このことは短期的には原油相場の大きな押し上げ要因になると思われるが、中長期ではアメリカ経済を疲弊させるという点で、売り材料になる恐れが高い。また、やはり長い目で見ると、需要面の弱気材料が徐々に売りを呼び込むようになってくるだろう。
確かに今後、大幅減税や大胆な規制緩和が景気を活性化させ、需要を押し上げる可能性は十分に考えられる。だが、持続的な経済成長やそれに伴う需要の増加につながる可能性は低いとみておいたほうがよい。それよりも、関税や移民政策を強硬に推し進めた場合の、インフレ高進やFRB(連邦準備制度理事会)のタカ派転換に伴う景気への悪影響が、弱気に作用する恐れのほうが高いと考える。
確かにトランプ政権が民主党の前政権が推し進めてきた、クリーンエネルギーへの転換促進にストップをかけようとすれば、それは一時的な需要の増加につながることもありうる。だが、脱石油に向けた大きな流れを止めてしまうほどの影響力はないと思われる。

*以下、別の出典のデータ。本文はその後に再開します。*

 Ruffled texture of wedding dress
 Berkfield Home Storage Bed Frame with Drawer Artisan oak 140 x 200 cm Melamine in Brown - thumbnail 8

仮に強硬な手段に打って出ることがあったとしても、それはいたずらに経済の混乱をもたらすだけの結果に終わってしまう可能性が高く、需要をさらに後退させてしまうことになるのではないか。ロシアやイランの生産が大幅に落ち込むことのないまま、需要の低迷が材料視されるようになってくれば、再び1バレル=60ドル台までは値を切り下げることになると、みておいたほうがよさそうだ。
サウジなどが増産に踏み切れば、相場急落も
もちろん、一方ではOPECプラスの動向にも、十分な注意が必要だ。彼らは昨年12月に開いた会合で、予定していた減産幅の縮小開始を3カ月先送り、4月1日からにすることで合意した。
需要の伸び悩みや価格低迷が背景にあったわけだが、足元の相場上昇の流れが続くなら、今度こそ減産の縮小、つまり増産を開始する可能性が高そうだ。またサウジアラビアが方針を転換、価格維持よりも市場における生産シェアの回復を優先させる形で生産を大幅に増加させる可能性も、完全に消滅したわけではない。
現在の原油相場は極めて不安定だが、ここから一段と相場が上昇してくれば、アメリカのシェールオイルなどのコストの高い油田も採算が取れるようになり、生産量が一段と増えてくることも考えられよう。
恐らくは夏から秋にかけての話になると思われるが、こうした生産の大幅な増加が現実のものとなれば、相場も大きく値を崩すことになるだろう。状況次第では、1バレル=50ドル割れを試すあたりまでの急落も想定しておきたい。